EXERCISE: Exactly as they stand, give the records below again, with no images.
[[ SUPPLIED RECORDS open ]]
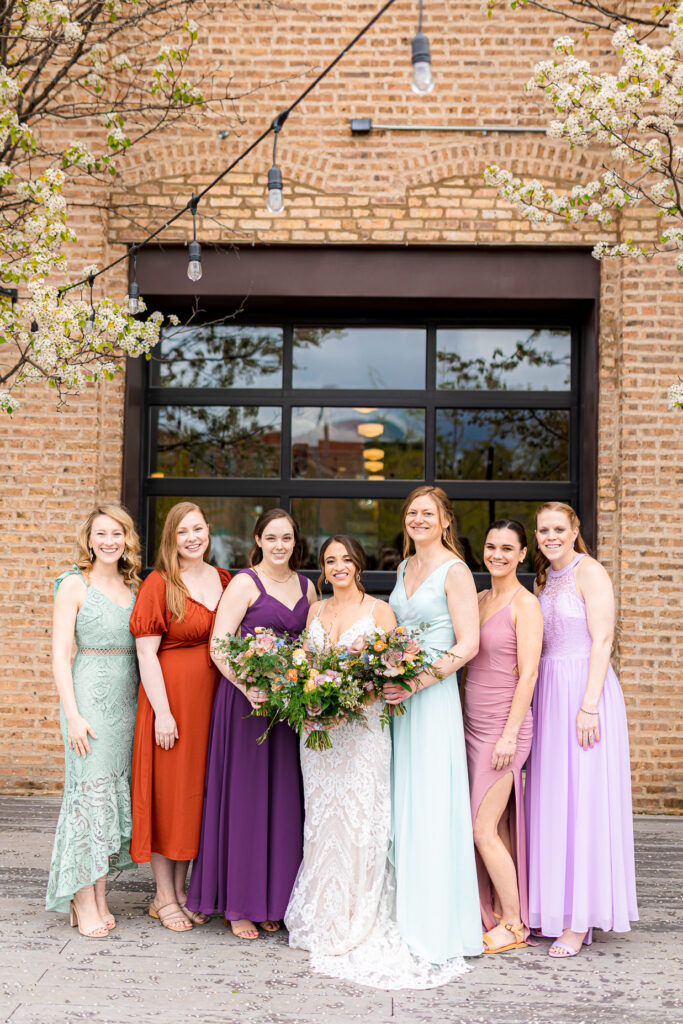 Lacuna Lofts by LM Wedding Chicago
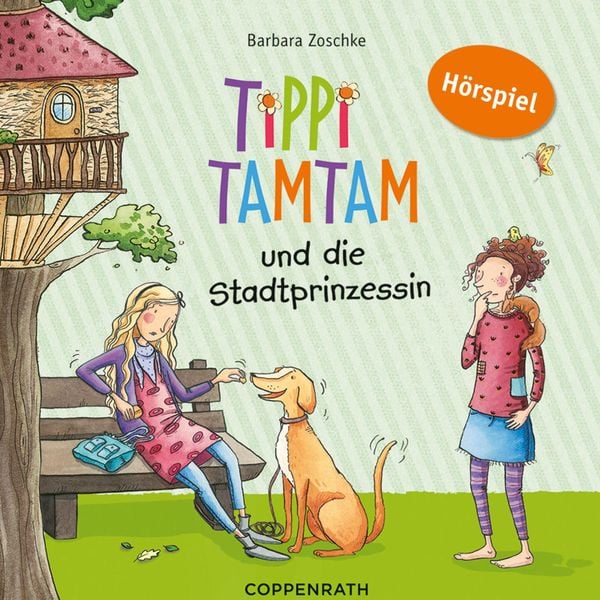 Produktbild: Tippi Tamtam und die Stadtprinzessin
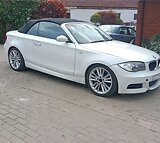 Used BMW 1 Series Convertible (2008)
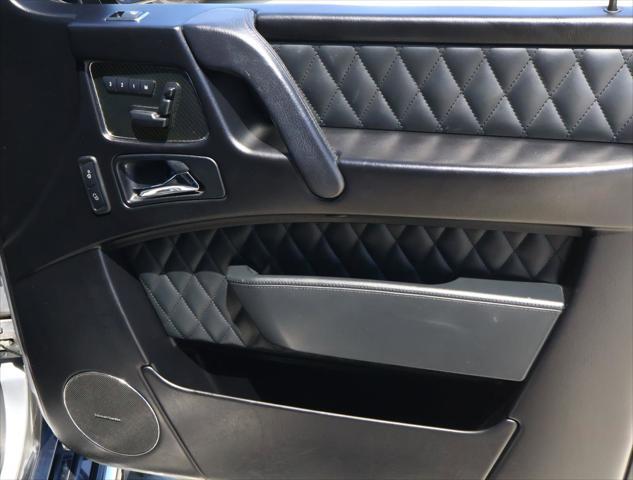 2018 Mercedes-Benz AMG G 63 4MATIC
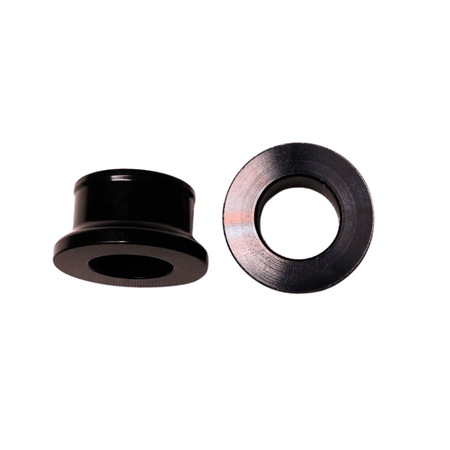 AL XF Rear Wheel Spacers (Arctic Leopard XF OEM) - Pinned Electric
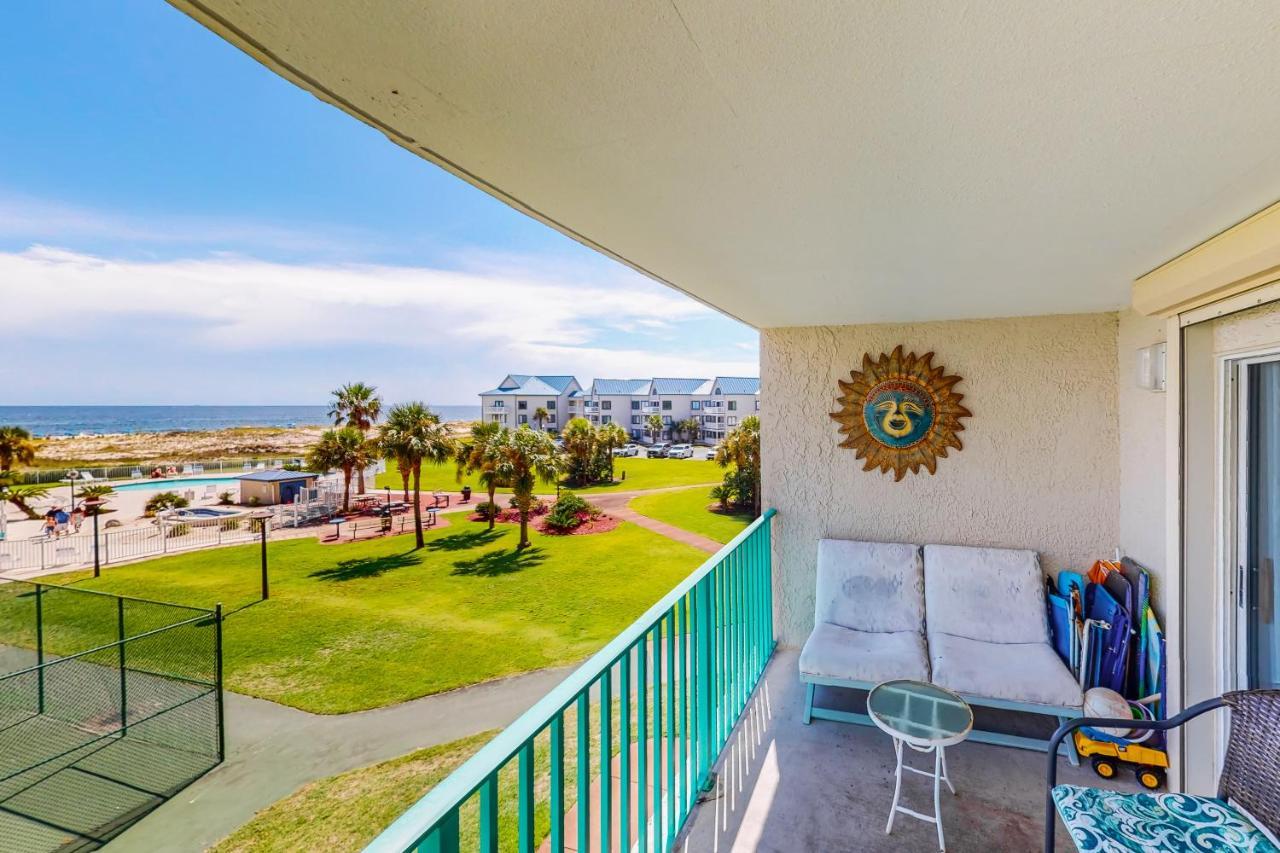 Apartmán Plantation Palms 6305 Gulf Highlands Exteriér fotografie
[[ SUPPLIED RECORDS closed ]]
OUTPUT OF THE EXERCISE:
 Lacuna Lofts by LM Wedding Chicago
 Produktbild: Tippi Tamtam und die Stadtprinzessin
 Used BMW 1 Series Convertible (2008)
 2018 Mercedes-Benz AMG G 63 4MATIC
 AL XF Rear Wheel Spacers (Arctic Leopard XF OEM) - Pinned Electric
 Apartmán Plantation Palms 6305 Gulf Highlands Exteriér fotografie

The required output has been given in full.